_TASK BRIEF:_
The expected result is a word-for-word copy of the entries, minus any pictures.

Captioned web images
---

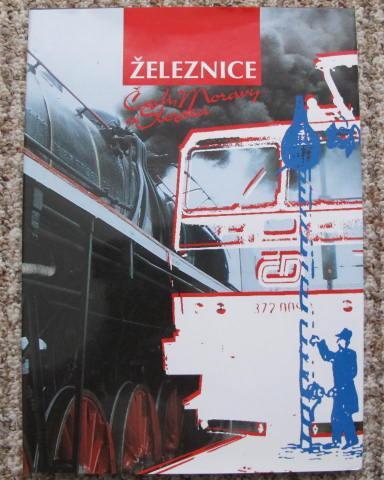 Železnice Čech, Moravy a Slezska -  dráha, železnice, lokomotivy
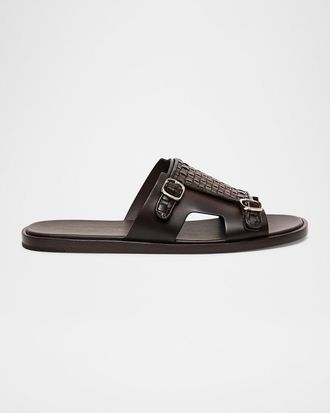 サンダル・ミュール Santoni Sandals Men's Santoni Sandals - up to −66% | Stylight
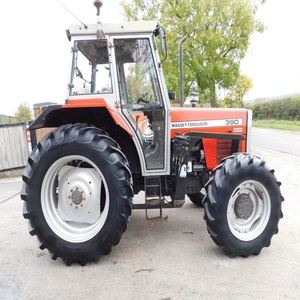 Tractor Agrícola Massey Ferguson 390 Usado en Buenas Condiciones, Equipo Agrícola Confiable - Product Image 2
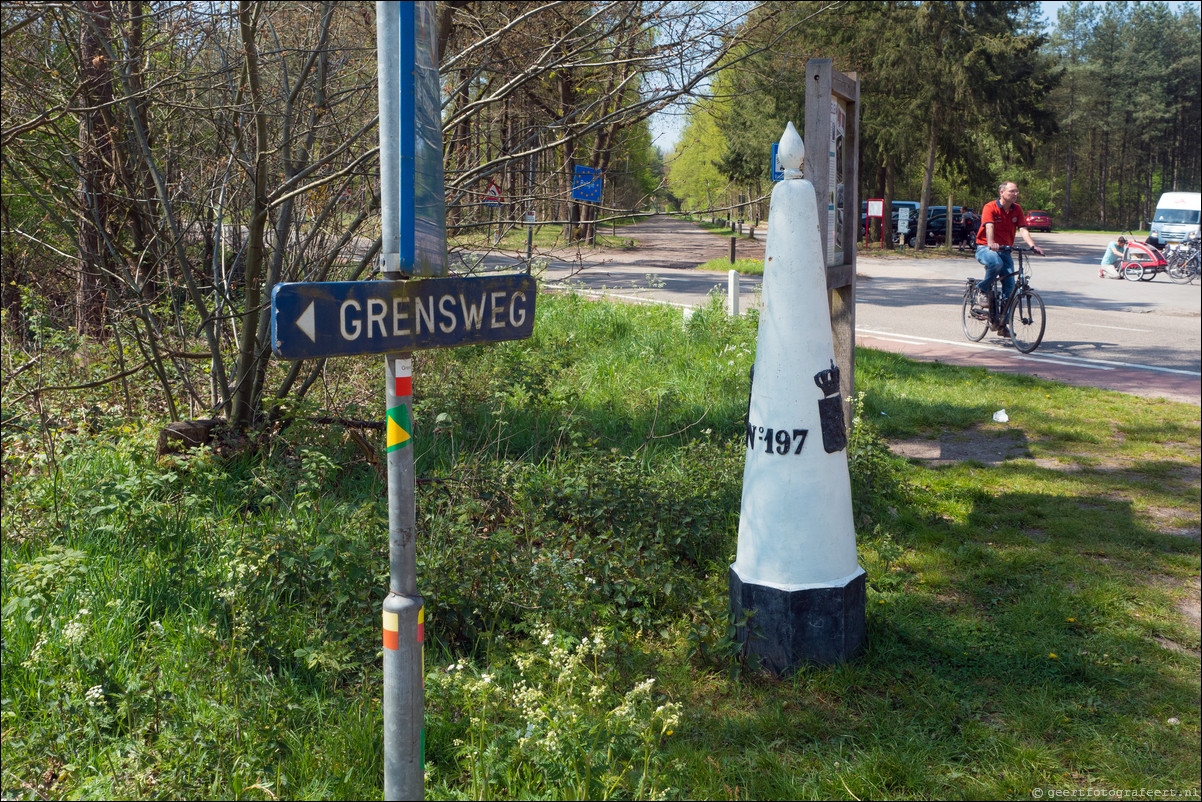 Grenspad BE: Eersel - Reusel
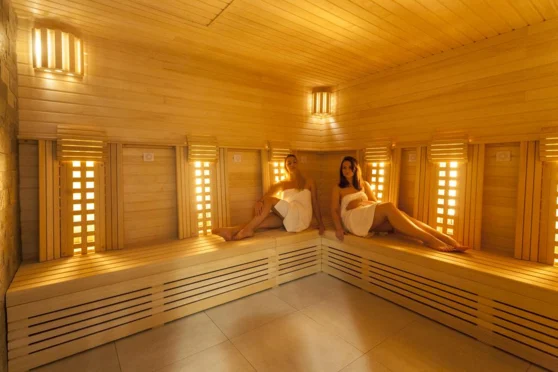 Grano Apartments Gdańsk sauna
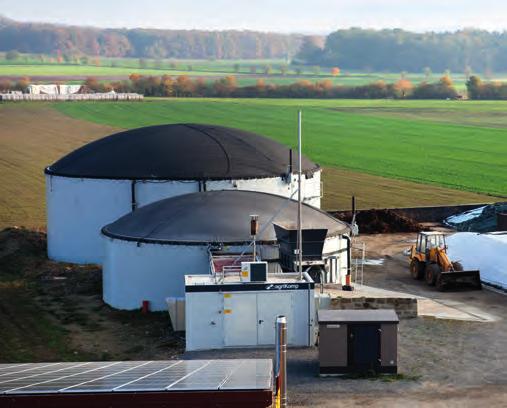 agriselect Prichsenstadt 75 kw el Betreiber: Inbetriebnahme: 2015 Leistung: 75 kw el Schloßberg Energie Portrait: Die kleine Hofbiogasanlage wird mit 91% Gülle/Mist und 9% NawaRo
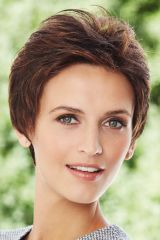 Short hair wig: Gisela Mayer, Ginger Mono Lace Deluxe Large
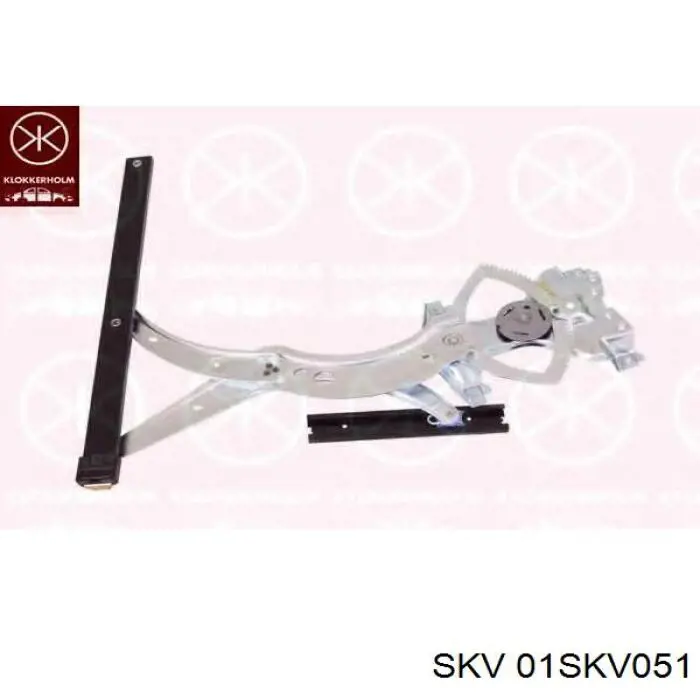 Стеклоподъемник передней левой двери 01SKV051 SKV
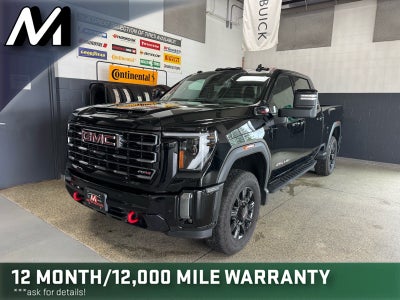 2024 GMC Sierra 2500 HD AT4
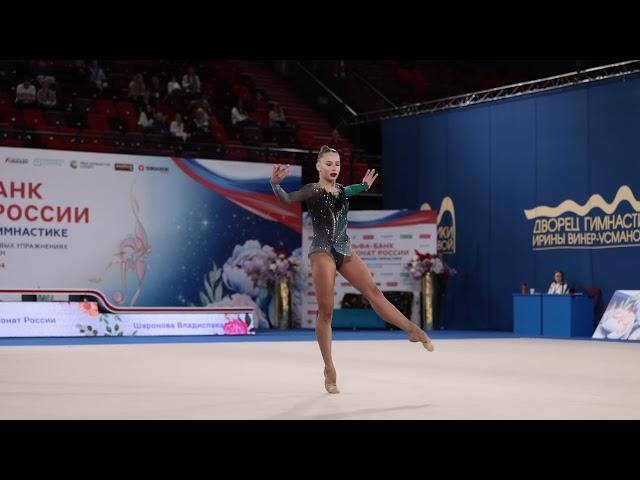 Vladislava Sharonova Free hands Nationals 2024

---

_WORKED SOLUTION:_
 Železnice Čech, Moravy a Slezska -  dráha, železnice, lokomotivy
 サンダル・ミュール Santoni Sandals Men's Santoni Sandals - up to −66% | Stylight
 Tractor Agrícola Massey Ferguson 390 Usado en Buenas Condiciones, Equipo Agrícola Confiable - Product Image 2
 Grenspad BE: Eersel - Reusel
 Grano Apartments Gdańsk sauna
 agriselect Prichsenstadt 75 kw el Betreiber: Inbetriebnahme: 2015 Leistung: 75 kw el Schloßberg Energie Portrait: Die kleine Hofbiogasanlage wird mit 91% Gülle/Mist und 9% NawaRo
 Short hair wig: Gisela Mayer, Ginger Mono Lace Deluxe Large
 Стеклоподъемник передней левой двери 01SKV051 SKV
 2024 GMC Sierra 2500 HD AT4
 Vladislava Sharonova Free hands Nationals 2024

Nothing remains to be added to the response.